To ensure arcing does not occur, it is important to use the appropriate Battery Management System (BMS) and have the necessary protection circuitry in place. The BMS keeps track of factors like total voltage, total current, voltage across each cell, temperature, pressure to avoid overcharge, overdischarge, or any other possible faults [16]. Other main characteristics of this BMS include the prediction of the state of charge of the battery, [17], state of health of the cell, and fault diagnosis for batteries, sensors, loose connections, and combustible gas levels. The BMS is designed to handle any faults by controlling the charge of cells, or switching off the battery power supply if necessary to obstruct damages and arcing as well. A cooling system using inert gases, carbon dioxide, or heptafluropropane can be designed to prevent arcing. These obstruct any flammability or re-ignition of arcs that may be generated in the battery pack [18].

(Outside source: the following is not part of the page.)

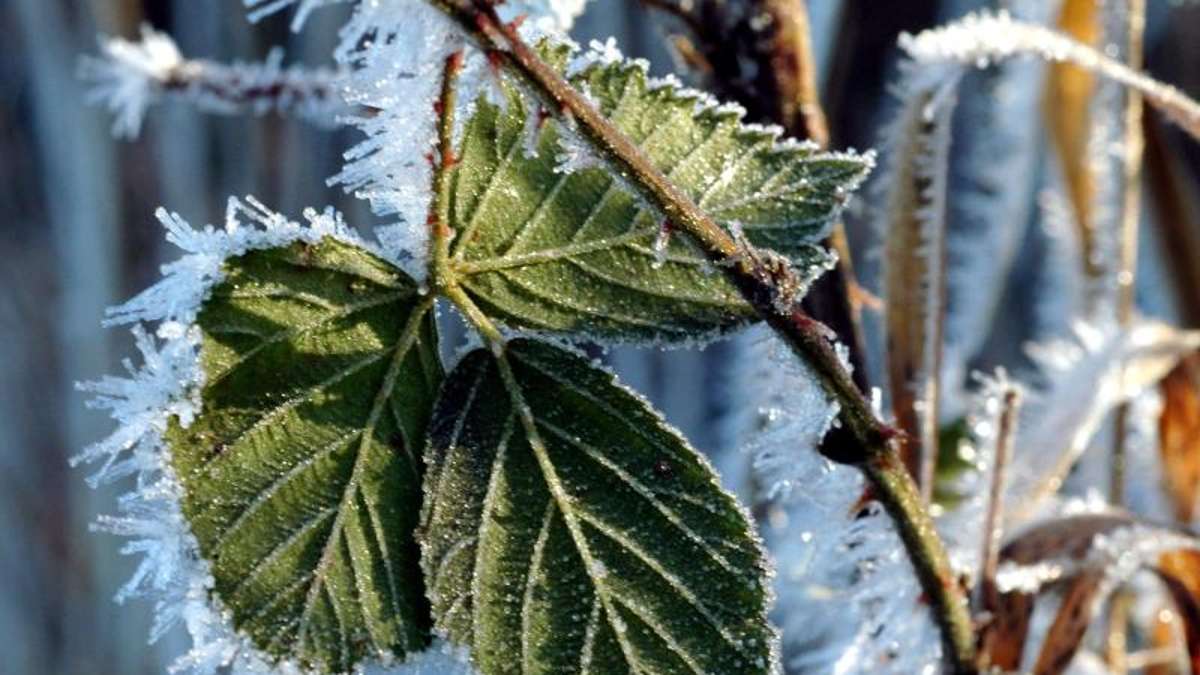 Thüringen: Kaltfront kommt - Bodenfrost und Schnee zum Wochenende möglich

IV-C Estimation of SOC for LiFePO4

One of the functions of the BMS is to monitor the cell’s performance, and its state of health for each battery cell. The use of the LiFePO4 batteries and the high voltage of the total battery pack necessitate the need for a more specialized BMS. Traditional SOC estimation algorithms cannot work accurately since these cells require more precise measurements of voltage and current due to the plateau in the Open Circuit Voltage - SOC curve. This curve is highly influenced by factors like discharge current rate, temperature, and aging state. Different methods for SOC predictions include the use of Neural Networks and fuzzy logic, but there are drawbacks of these as the accuracy of these algorithms is highly dependent on the model and inputs [16]. In this system, use of a Dual Extended Kalman Filter (DEKF) has been proposed to estimate the SOC [19]. This model is highly resistant to noise which is necessary when maintaining a high precision system. This system is also influenced by the charging voltage to eliminate any practical noise issues that might be encountered. With this, the accuracy of the system is higher than other algorithms. The high stability of the LiFePO4 batteries require more reliant SOC estimation, making the DEKF more preferred. The tests done using dynamic discharge and constant current show that the margin of error is less than 3%.

IV-D ICC Fault detection method

While dealing with High Voltage Battery packs like the one used in this system, it is essential to find any faults in individual cells instantaneously to avoid arcing. The Interclass Correlation Coefficient (ICC) [20] method is used to efficiently determine the strength of cells in the pack and enhances the safety and stability of the battery system. This method uses the real-time voltage data for instantaneous fault detection, consequently reducing the BMS computation load [21].

The ICC methodology is employed to examine battery faults by considering the unusual voltage dip. The coefficient value has excellent fault resolution as it magnifies the variation in voltage. Furthermore, the suggested method has a modest computational cost, thus lessening the redundant hardware design. The ICC equation is calculated using:

R_{i,1}\\ ={\left(x_{i,1}-\frac{1}{2n}\sum_{i=1}^{n}\left(x_{i,1}+x_{i,2}\right)\right)}\\

(1)

R_{i,2}\\ ={\left(x_{i,2}-\frac{1}{2n}\sum_{i=1}^{n}\left(x_{i,1}+x_{i,2}\right)\right)}\\

(2)

IC_{\left(x_{1},x_{2}\right)}\\ =\frac{2\sum_{i=1}^{n}R_{i,1}R_{i,2}}{\sum_{i=1}^{n}R_{i,1}^{2}+\sum_{i=1}^{n}R_{i,2}^{2}}\\

(3)

where, $x_{i,1}$ and $x_{i,2}$ represent the cell voltages in sampling time $i$ .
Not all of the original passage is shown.